DALLAS -- Transportation advocates, once hopeful about Trump's promises to go big on infrastructure, are disappointed his tax plan contains no proposals to fund fixes to the nation's crumbling roads and bridges and instead floats a one-time tax on the repatriated overseas earnings of companies as a way to pay for cutting the corporate tax rate.
Repatriation of overseas corporate earnings through a lower income tax rate had been considered as a potential source for the $200 billion of new direct federal funding that White House officials had said would be part of the president’s $1 trillion, 10-year infrastructure plan.
But the one-page outline of the tax plan distributed Wednesday night simply promised a “one-time tax on trillions of dollars held overseas” with no mention of infrastructure, indicating that the repatriated revenue could instead help reduce the government’s financial hit from tax cuts in the proposal.
It will be more difficult to find more money for infrastructure investments without the link to corporate tax repatriation, said Carl Davis, research director at the Institute of Taxation and Economic Policy.
“This makes it harder,” Davis said, “Tax cuts have been prioritized over infrastructure funding.”
Transportation proponents have become accustomed to being disappointed by the level of infrastructure investment coming from the federal government, he said.
“I doubt that most advocates are shocked that infrastructure has been deprioritized yet again,” Davis said. “It's telling that states as varied as California, Indiana, Montana, Tennessee, and Utah have passed increases in their fuel tax rates this year. State lawmakers are taking action even when Congress won't.”

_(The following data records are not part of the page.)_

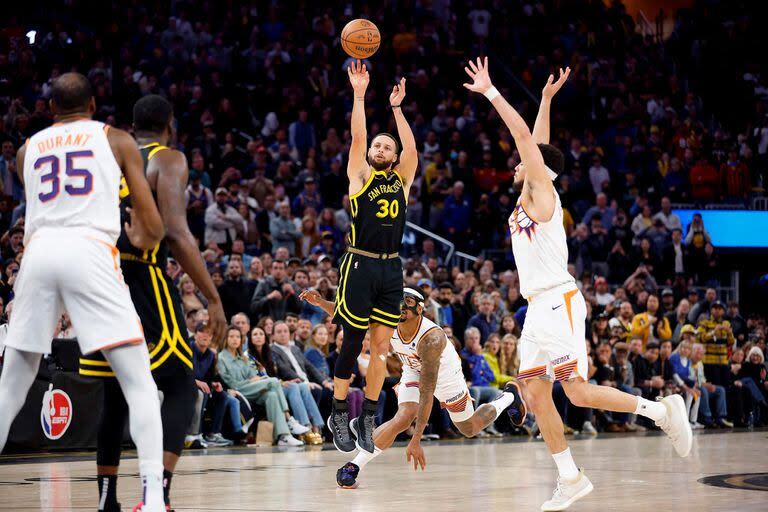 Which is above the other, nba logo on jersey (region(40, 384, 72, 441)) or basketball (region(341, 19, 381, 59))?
basketball (region(341, 19, 381, 59))

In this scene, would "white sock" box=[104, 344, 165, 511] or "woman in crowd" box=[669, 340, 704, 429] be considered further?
"woman in crowd" box=[669, 340, 704, 429]

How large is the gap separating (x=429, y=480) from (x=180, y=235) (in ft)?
13.4

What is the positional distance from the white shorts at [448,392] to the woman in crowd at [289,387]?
13.0ft

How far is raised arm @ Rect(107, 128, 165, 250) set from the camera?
17.1ft

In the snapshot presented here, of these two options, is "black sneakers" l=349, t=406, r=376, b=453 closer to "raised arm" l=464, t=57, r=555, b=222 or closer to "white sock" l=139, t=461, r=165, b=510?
"raised arm" l=464, t=57, r=555, b=222

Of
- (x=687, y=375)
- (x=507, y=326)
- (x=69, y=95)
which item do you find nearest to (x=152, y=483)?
(x=69, y=95)

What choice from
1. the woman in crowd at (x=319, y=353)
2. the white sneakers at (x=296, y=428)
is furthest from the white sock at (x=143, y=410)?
the woman in crowd at (x=319, y=353)

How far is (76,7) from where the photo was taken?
813 inches

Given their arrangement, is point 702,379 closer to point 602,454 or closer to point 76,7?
point 602,454

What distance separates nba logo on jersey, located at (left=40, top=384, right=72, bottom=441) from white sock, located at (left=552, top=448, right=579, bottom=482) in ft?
19.4

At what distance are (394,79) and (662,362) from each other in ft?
27.9

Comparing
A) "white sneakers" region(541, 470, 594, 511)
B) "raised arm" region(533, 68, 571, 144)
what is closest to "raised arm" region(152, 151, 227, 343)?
"white sneakers" region(541, 470, 594, 511)

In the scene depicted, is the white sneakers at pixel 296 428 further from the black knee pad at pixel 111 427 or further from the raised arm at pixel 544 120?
the black knee pad at pixel 111 427

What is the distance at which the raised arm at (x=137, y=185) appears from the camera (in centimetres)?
520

If President Trump had included infrastructure funding in his plan, it would likely have required paring back the tax cuts, Davis noted.
The proposed tax cuts would significantly reduce federal revenues, further imperiling new transportation funding, he said.
“Federal lawmakers are clearly prioritizing tax cuts at the moment, and that goal is fundamentally inconsistent with investing more in our nation's infrastructure, or in any other public priority,” Davis said.
The tax proposal is too vague to get much direction from it, said Marc Goldwein, senior policy director at the Committee for a Responsible Federal Budget.
“It’s the same trade-off as it’s always been,” he said. “If the administration uses $200 billion for tax reform, they can’t use it for infrastructure. My main concern with the single-page, double-spaced tax proposal with bullet points is that it would add $5 trillion to the national debt, and without revenue for infrastructure you’d make the revenue hole even deeper by losing all the economic gains that could be provided.”
Meanwhile, the American Public Transportation Association said President Trump’s budget blueprint for fiscal 2018 jeopardizes $38 billion in planned transit projects and could result in economic loses totaling $90 billion.
The ‘skinny’ budget plan released in March would cut off funding next year for a transit grant program that had been expected to help build 53 projects in 23 states, APTA added.
Trump’s 64-page budget blueprint for fiscal 2018 would halt grants from the $2.3 billion per year capital improvement grant program except for those projects already covered by a completed and signed full funding agreement with the Federal Transit Administration.
The budget proposal also would wipe out the $500 million expected in fiscal 2018 for the Transportation Investment Generating Economic Recovery (TIGER) grant program.
The president’s $1 trillion infrastructure plan should include $200 billion for public transportation infrastructure, said Richard White, the acting president of APTA.
It would take nearly $90 billion just to get transit systems into a state of good repair, White said.
“This additional investment is the key to addressing the nation’s aging public transportation infrastructure,” he said.